Fluorescent Polyethylene by in Situ Facile Synthesis of Carbon Quantum Dots Facilitated by Silica Nanoparticle Agglomerates

Abstract

We describe an in situ facile synthetic approach to prepare carbon quantum dot (CQD) fluorescent markers (FMs) for polyethylene (PE) in the presence of agglomerated silica nanoparticles (SiO2 NPs) under mild reaction conditions. First SiO2 NPs, prepared by the Stöber method, were dispersed in toluene. This dispersion was added to a PE solution in toluene. After heating (either in air or under Ar) a fluorescent mixture was obtained. After drying, PE films were obtained by compression molding, which showed strong blue fluorescence, attributed to CQDs. SiO2 NPs loading values varied between 0.5 and 4 wt %. Subsequent to isolation, the fluorescent CQDs were characterized by TEM, UV-vis, and fluorescence spectroscopy. TEM imaging unveiled a lattice spacing value of 0.21 nm of the isolated fluorescent particles which is typical for (100) graphite plane lattice spacing in CQDs. UV spectroscopy and fluorescence measurements show characteristic absorption and excitation spectra for the aromatic core and oxidized surface defects typically observed for CQDs.
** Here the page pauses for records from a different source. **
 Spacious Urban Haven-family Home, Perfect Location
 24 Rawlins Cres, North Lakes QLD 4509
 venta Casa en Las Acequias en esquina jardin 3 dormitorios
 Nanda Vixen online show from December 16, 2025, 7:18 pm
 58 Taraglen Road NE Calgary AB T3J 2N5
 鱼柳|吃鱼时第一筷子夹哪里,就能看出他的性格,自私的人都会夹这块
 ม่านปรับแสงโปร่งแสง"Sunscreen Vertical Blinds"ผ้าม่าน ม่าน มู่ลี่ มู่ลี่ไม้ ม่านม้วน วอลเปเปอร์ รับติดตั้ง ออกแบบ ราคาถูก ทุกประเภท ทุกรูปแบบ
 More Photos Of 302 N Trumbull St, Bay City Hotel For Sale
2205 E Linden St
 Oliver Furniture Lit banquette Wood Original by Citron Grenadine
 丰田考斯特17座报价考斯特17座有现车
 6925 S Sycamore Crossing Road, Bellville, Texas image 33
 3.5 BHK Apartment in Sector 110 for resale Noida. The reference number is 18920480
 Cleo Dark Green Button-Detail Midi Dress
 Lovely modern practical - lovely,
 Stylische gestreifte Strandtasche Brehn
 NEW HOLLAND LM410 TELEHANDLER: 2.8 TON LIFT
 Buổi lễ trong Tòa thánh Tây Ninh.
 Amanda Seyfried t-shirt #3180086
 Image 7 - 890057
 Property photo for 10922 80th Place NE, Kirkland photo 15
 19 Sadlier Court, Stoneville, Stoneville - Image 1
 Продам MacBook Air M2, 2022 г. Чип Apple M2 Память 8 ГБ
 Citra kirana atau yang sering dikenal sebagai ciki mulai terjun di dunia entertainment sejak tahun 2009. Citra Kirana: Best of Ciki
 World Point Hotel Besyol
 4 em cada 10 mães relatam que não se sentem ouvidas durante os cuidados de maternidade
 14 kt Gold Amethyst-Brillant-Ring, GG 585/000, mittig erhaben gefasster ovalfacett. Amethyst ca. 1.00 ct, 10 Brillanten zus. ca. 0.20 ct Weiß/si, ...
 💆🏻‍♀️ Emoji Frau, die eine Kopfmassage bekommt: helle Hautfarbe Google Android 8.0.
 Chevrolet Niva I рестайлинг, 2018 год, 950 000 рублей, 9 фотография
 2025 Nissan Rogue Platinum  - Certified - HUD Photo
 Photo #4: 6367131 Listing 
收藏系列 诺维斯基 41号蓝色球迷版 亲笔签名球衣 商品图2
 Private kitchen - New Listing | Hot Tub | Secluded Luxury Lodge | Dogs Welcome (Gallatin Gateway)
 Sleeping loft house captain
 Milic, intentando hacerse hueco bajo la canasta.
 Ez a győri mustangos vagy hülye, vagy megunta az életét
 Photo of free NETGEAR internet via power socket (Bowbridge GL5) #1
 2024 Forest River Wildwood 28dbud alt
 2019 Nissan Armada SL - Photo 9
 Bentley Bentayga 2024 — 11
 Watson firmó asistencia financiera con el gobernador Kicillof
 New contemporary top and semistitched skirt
The emission maximum for PE/CQD samples increased from 394 to 408 nm when the reaction temperature was decreased from 110 to 90 °C, which is attributed to increasing oxygen content in the reaction mixture upon decreasing the reaction temperature. When the reaction was performed under Ar, the PE/CQD samples emitted in the ultraviolet region (286 nm). Finally, we demonstrated that PE samples marked with CQDs can be easily visually identified upon irradiating with 367 nm light. Thus, the marked PE can be used, for example, as a labeling ingredient in master batches for component identification and in recycling.